Méphistophélès en Faust de Gounod

Y ejemplifica: “Mi cara no es la apropiada para interpretar a Boris Godunov, tal como mi cintura no va de acuerdo con la de él. Así como el vestuario de Boris debe diseñarse con el propósito de ocultar mi cintura, así el maquillaje de Boris debe servir primordialmente para enmascarar mi rostro… Pero a diferencia del vestuario, gracias al cual puedo interpretar el rol de Sancho Panza —aunque mis características físicas impedirían crear una ilusión completa—, el maquillaje no servirá al actor para crear un personaje creíble, a menos que pueda combinar el maquillaje externo con el maquillaje psicológico; es decir, con la inspiración que surge de su propia mente. Un actor puede actuar sin maquillaje, pero su personificación mental solo puede tomar vida si es un verdadero artista…”
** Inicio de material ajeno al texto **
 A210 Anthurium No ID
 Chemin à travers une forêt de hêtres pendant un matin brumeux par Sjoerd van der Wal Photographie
Chaliapin fue amigo del actor, director escénico y pedagogo teatral Konstantín Stanislavski, autor de varios libros fundamentales sobre actuación, y quien decía que había basado su método en la forma de actuar del bajo. 

Chaliapin era un verdadero artista. En su autobiografía, Fiódor recuerda cómo fue que se preparó física, musical y psicológicamente para crear el rol de Boris Godunov, y confiesa: “Por más que me he preparado, por más que he estudiado y me he esforzado, nunca he pisado el escenario con la sensación de dominar esta ópera. Es una obra que cobra vida y crece en el acto de representarla. Mi recompensa ha sido el conocimiento que de ella he ido adquiriendo con cada interpretación. Esta suerte de ‘vivir’ el papel es lo que, con cada producción, me ha permitido ampliar y profundizar mi conocimiento del personaje… En esto radica el crecimiento real, la verdadera comprensión de la ópera”.
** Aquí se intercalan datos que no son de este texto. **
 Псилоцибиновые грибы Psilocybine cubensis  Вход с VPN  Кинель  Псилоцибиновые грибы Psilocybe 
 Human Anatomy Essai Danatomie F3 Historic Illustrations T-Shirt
Tan exitosa e impactante fue la ópera de Músorgski para la carrera de Chaliapin, que a uno de sus hijos lo bautizó con el nombre de Boris. Afortunadamente, entre los fragmentos de arias y pasajes de óperas que nos legó Chaliapin de la época del gramófono, figuran algunos de Boris Godunov, lo cuales nos dan una idea del efecto deslumbrante que debe de haber tenido su actuación.

“Escuchar este Boris —como afirma Harold Schonberg en su libro Los virtuosos—, con su majestad y sus temores, es como ver a Chaliapin: tan vívida es su interpretación; tan sobrecogedora, la atmósfera; tan fiel a Músorgski… Estos discos transmiten una fuerza indescriptible. Y no es solamente Chaliapin. Gorky tenía razón: el espíritu mismo de Rusia estaba encarnado en este hombre.”

Como otros colegas de su generación, Chaliapin fue ante todo un actor-cantante. Y añadiría que era más actor que cantante. Claro, tenía una portentosa y resonante voz de bajo —más de bajo cantante que de bajo profundo—, pero —como dice Pleasants— “hasta que aprendió a adaptarla al arte del actor nato que era, su voz no le trajo satisfacción ni éxito”.

Pero cuando aprendió a interpretar las canciones que ofrecía en un recital, por ejemplo, ya no le hacía falta vestuario ni maquillaje: sus inflexiones, sus gestos, su cuerpo entero se convertía en el personaje que estaba entonando las palabras de la canción. Y eso volvía loco al público. También porque sus recitales eran poco convencionales. Nunca preparaba un programa específico. En su lugar, el público debía adquirir un librito, disponible a la entrada de la sala, que contenía las traducciones de un repertorio del que él escogería, a su entera discreción y según su estado de ánimo y condición vocal, las canciones que interpretaría, anunciándolas por número conforme evolucionaba el recital.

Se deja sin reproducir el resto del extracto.